PROBLEM DETAILS |
Copy out every line of the records where the string "Black" occurs.

RECORDS SUPPLIED |
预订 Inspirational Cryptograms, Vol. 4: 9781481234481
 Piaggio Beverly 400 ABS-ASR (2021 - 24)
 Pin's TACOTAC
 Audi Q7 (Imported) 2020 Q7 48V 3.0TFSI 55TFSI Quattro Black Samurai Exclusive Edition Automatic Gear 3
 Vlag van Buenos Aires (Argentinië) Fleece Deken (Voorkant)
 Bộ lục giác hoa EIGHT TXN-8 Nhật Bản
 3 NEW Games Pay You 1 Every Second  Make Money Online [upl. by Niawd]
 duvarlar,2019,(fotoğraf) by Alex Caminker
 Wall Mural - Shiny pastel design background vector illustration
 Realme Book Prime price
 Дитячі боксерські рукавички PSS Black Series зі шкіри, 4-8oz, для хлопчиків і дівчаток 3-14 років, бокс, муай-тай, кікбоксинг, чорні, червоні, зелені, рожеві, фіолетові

RESPONSE AREA |
 Audi Q7 (Imported) 2020 Q7 48V 3.0TFSI 55TFSI Quattro Black Samurai Exclusive Edition Automatic Gear 3
 Дитячі боксерські рукавички PSS Black Series зі шкіри, 4-8oz, для хлопчиків і дівчаток 3-14 років, бокс, муай-тай, кікбоксинг, чорні, червоні, зелені, рожеві, фіолетові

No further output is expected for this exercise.